By Mike Whiteman February 23, 2025
Throughout baseball history, the Yankee name has been synonymous with winning – and they have the hardware to back it up. The Yanks’ 41 American League pennants and 27 World Series victories is far more than any other franchise in baseball history.
That being said, all teams have had their lulls, and the occasional bad year(s) along the way. A hundred years ago, the Yanks had a real stinker.
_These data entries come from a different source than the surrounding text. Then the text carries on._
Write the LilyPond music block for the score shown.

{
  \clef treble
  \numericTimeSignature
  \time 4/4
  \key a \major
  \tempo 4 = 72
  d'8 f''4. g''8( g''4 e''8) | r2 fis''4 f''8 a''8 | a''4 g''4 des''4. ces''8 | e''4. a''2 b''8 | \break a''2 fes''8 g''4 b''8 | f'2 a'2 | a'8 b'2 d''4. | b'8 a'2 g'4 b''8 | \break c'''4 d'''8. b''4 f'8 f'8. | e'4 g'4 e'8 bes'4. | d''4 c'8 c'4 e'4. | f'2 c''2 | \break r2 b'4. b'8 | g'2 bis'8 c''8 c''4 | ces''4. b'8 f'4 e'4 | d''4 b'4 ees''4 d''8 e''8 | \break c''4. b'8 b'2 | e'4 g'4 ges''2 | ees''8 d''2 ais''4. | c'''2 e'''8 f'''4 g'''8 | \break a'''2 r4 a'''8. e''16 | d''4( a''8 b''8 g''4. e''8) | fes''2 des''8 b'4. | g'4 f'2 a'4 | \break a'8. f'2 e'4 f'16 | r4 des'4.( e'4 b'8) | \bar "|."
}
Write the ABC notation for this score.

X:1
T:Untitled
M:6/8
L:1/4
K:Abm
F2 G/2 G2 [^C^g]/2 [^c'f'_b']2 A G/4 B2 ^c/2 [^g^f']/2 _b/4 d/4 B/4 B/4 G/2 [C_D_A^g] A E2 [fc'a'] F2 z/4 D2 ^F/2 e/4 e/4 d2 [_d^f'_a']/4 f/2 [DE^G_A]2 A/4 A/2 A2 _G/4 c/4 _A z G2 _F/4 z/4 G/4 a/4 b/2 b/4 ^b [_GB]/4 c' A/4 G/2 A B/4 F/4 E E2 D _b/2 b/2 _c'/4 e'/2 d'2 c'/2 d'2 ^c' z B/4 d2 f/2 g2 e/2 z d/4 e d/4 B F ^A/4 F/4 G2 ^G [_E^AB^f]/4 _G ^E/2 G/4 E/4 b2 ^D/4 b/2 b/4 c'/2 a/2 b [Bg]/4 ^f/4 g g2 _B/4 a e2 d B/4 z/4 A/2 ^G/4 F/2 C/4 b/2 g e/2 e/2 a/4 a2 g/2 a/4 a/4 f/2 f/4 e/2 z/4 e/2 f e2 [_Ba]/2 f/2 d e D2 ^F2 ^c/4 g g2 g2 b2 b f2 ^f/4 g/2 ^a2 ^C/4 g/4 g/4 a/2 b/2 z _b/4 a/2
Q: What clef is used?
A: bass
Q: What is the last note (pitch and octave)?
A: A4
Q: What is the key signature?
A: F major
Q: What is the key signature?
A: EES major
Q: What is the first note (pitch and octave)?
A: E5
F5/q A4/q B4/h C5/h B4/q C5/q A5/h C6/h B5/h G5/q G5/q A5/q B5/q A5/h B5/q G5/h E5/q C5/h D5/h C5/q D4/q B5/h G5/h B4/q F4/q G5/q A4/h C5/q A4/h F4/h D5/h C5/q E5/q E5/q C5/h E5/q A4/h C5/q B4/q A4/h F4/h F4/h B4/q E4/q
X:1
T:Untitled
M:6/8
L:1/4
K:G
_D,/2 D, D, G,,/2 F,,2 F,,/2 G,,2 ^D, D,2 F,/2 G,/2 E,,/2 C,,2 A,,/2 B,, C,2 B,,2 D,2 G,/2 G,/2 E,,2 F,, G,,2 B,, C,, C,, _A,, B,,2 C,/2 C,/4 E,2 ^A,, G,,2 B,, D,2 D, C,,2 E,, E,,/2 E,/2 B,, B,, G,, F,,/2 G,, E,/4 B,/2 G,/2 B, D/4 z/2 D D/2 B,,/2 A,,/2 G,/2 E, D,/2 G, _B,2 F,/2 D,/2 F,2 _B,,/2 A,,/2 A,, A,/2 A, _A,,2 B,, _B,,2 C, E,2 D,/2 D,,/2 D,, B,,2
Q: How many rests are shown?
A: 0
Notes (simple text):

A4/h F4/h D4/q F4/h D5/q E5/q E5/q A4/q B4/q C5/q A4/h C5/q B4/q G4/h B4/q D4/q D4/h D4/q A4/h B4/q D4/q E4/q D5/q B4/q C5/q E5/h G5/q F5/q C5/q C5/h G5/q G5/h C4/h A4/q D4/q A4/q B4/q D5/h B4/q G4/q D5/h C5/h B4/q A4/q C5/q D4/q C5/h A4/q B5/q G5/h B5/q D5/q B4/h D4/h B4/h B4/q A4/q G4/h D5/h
In 1924, after three straight American League pennants and a 1923 World Series victory, the Yankees came up just short, two games behind Washington. Despite the disappointment, they didn’t feel wholesale changes were in order as these were the days of Babe Ruth’s prime – he finished the season just five RBI shy of the Triple Crown - and the only significant offseason addition was Urban Shocker, who was coming off a disappointing 4.20 ERA. The expectations were high though for the former St. Louis Browns ace, with team owner Jacob Ruppert predicting "Shocker will pitch the best ball of his career".
The Babe of course was known for his playing as hard off the field as he did on it, and in Spring Training of 1925 it seemed to catch up to him, when he collapsed and later underwent surgery to treat an intestinal abscess. Per The Sporting News, Babe was hospitalized from “the attack of the illness that laid him low” – known now as his infamous “bellyache” and was slated to be out indefinitely.
Despite the absence of the team’s most indispensable player, Opening Day was all happiness – Shocker tossed a CG win and Ruth’s planned short term replacement, Ben Paschal, homered and drove in three runs to lead the Yanks to a 5-1 win over the defending champions. The good feelings didn't last long, as the Yankees lost their next three games and struggled to a 4-7 April record.
Despite the slow start, Miller Huggins wasn’t panicking, saying in mid-May that despite their sub-.500 record “our team isn’t hitting and our pitchers, excepting Shocker and Pennock, are not in shape. There is no cause for alarm inasmuch as the season will have a long way to go and many things can happen”. The team's performance on the field belied their skipper's optimism, as the offense was off from 1924 without Ruth and the pitching was significantly lacking as compared to recent years. The anticipated “Big Three” of Herb Pennock, Waite Hoyt, and Shocker struggled to a cumulative 14-20, 3.82 ERA through June.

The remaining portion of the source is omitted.